IP-uh-Oh: Investor Lessons from Facebook Going Public – part 3

Learning Objectives – Facebook IPO:

  • Stock prices reflect expectations about the future
  • What a company says they’re going to do or not do can impact what people expect
  • Quarterly earnings reports allow a company to disclose its activities and its financial situation

Introduction

This past month, Facebook released their first ever earnings report as a publicly traded company.  The incredible hype and energy around this company’s IPO has now given way to the more sobering work of scrutinizing the company’s operations and ability to make money. If you’ve been following the first two parts of our IP-Uh-Oh series, you’ll recall that part 1 talked about investments being driven by beliefs and part 2 focused on why companies ‘go public’.  In this last part, we look at the point in time when all the ‘guesses’ get put to the test and a company has to report its earnings to its shareholders.

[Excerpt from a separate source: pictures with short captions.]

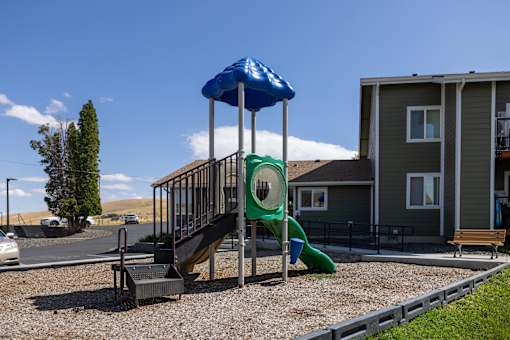 A playground with a blue umbrella and a green slide.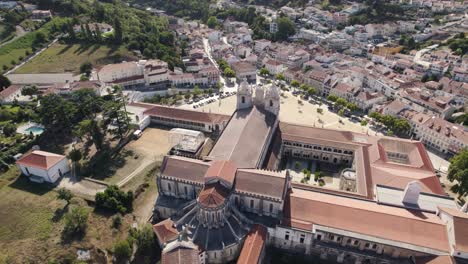 Aerial-pan-shot-above-historical-complex-Alcobaça-monastery-overlooking-at-parish-townscape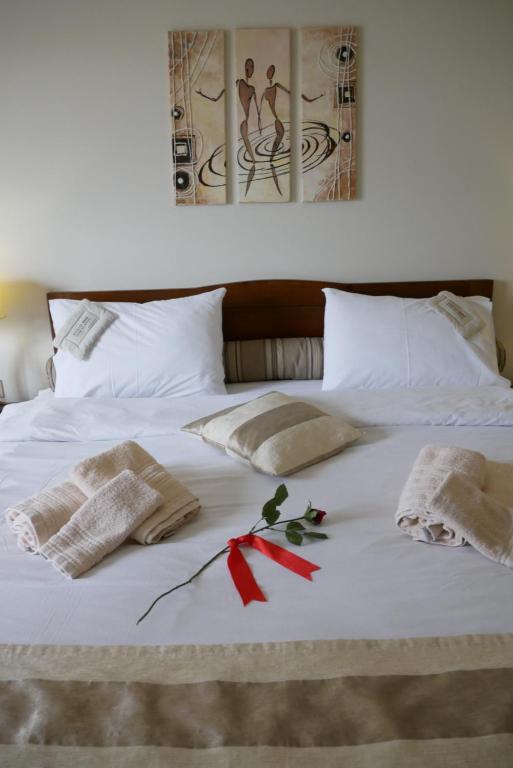 Postel nebo postele na pokoji v ubytování Hotel Rodovoli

In its short life as a public company, Facebook’s timeline might resemble that erratic but popular friend we all know on Facebook. It would start with pictures of a seemingly epic party that they managed to get invited to and would somehow give way to status updates about lawsuits suggesting that something at the party has gone horribly wrong. Of course, being the internet, there are countless ways in which the unflattering pictures of the post party hangover have been passed around.  Ironically, the company that was built on “shares, is now more responsible for tending to shares of a different variety. Unfortunately for those holding shares, the market seems to have responded less enthusiastically than many had hoped (as of the writing of this article they’re down over 43% year to date).

Given that stock prices are perpetually forward-looking, however, what a company says (or doesn’t say) about its future opportunities is what investors look to for help in deciding whether to stay the course or to get off the boat.